A recent article warned against this type of behaviour. While a number of commentators maintain that a primary home is not an asset, for those who have chosen to buy a home there can be significant benefits to paying additional funds into their home loan. Just imagine moving to a new home after seven years and the previous one being fully paid.
While buyers often stretch their bond to as much as they can afford, in truth they should really take a smaller bond (ie buy a smaller property) – one that they can easily afford, advises Simon Brown, founder of JustOneLap.
In an interview with SAfm Market Update with Moneyweb recently, Brown explained how homebuyers could reduce their repayment term to as little as seven years.

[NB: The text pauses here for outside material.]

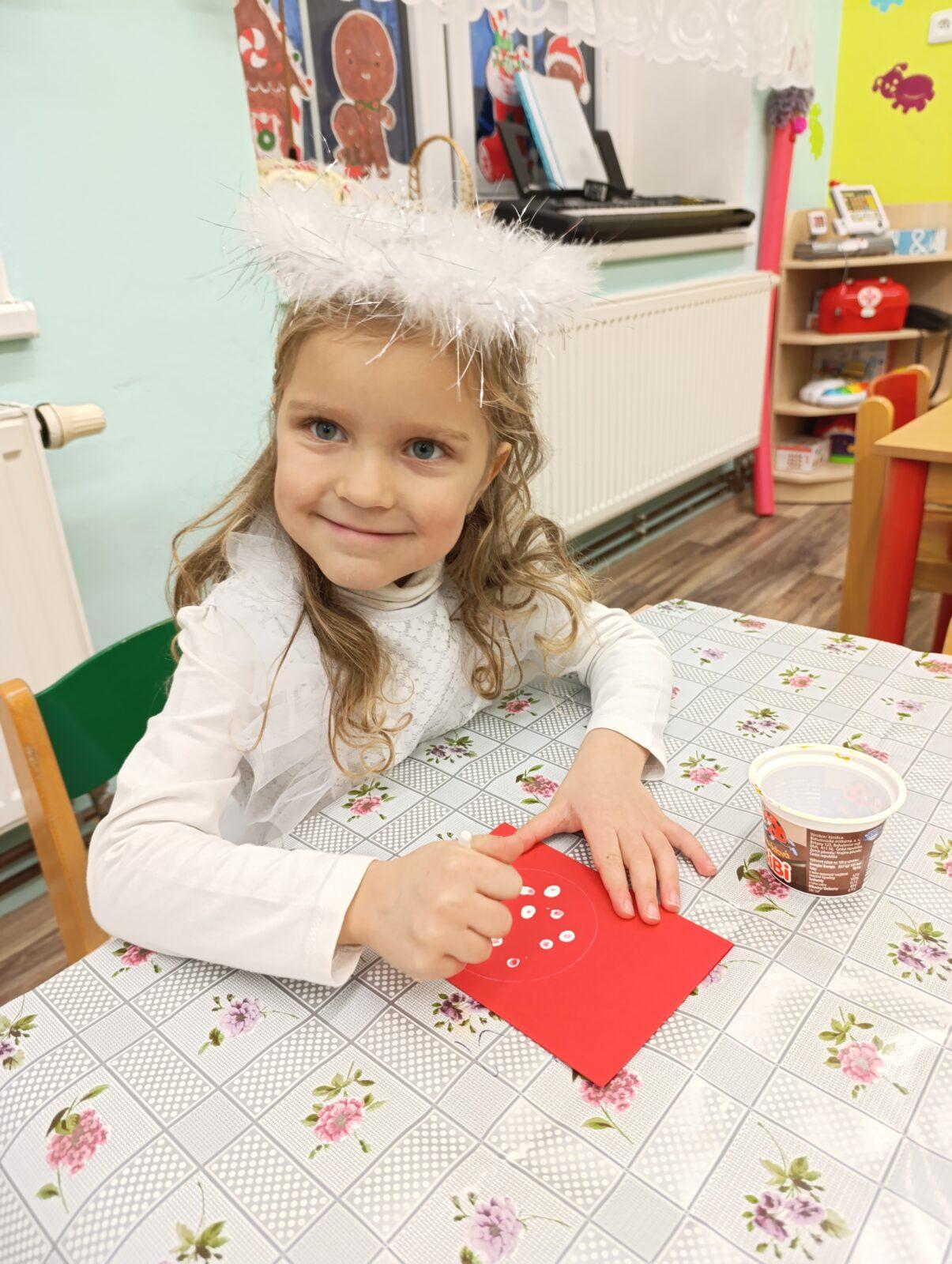 broučci: čertoviny - 19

The first step is to increase the monthly payment required by the bank by at least 10%, which will make a significant difference in time, he says.
Thus, if the bank requires a monthly repayment of R5 000, buyers should pay at least R5 500.

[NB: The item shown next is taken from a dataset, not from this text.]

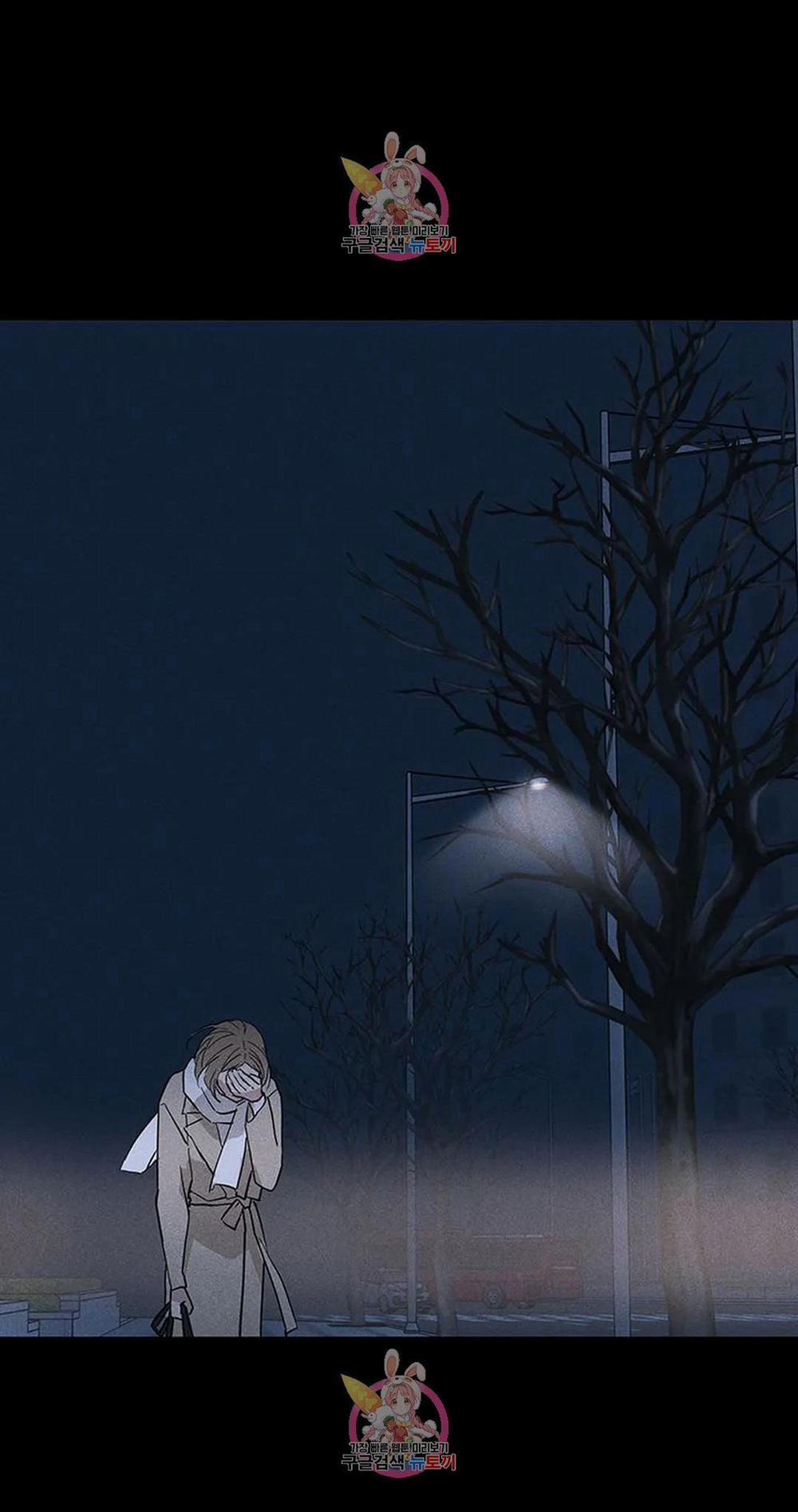 Đánh Mất Tình Yêu 49.2 trang 56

The second step is to increase this payment every year as your salary increases. “Even if it is just 6%, you are taking home 6% more than you were the year before.”

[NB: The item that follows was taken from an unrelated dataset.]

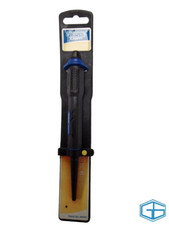 SOFT GRIP NAIL PUNCH 175 X 1/8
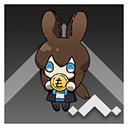 文件:技能 精打细算玩偶.png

Although you are already paying 10% extra, also increase the payment in line with your salary increases.
“In other words, if your bond repayment is 10% of your take-home pay, keep it consistently at that 10%,” he says.
And finally, make sure that the debit order is paid on the same day as your salary.
Brown says typically people pay their bonds on the first or the last day of the month. If they are, however, getting paid on the 25th day of the month, the payment should be moved five or six days earlier.
While this does not have a significant impact in a single month, it can slice a year to a year and a half off the repayment term, he says.
This approach will require significant discipline for most consumers, but every additional payment into your bond can make a difference.
Many commentators believe it would be difficult to get double-digit returns from most asset classes in the next couple of years.
Warren Ingram, director at Galileo Capital, says he would definitely advise investors to pay extra money they have available into their bond. Against the background of a rising interest rate cycle it is not impossible that the prime rate, which is currently 9.25%, might increase to 10% in the next two years.
There are very few, if any, investments that are guaranteed to provide investors with a return of 10% per annum, whereas, should investors decide to pay additional funds into their bond, they know exactly what the saving would be, he says. Ingram adds that if someone plans to live in the same property for a period of eight years or longer, it would make sense to buy the property.
Average salary earners are so overindebted if they don’t have an income for three months, they have to sell something to get by, he says.
The benefit of paying extra money into a bond is that you get room to breathe and have some reserves and emergency money if you need it, he says.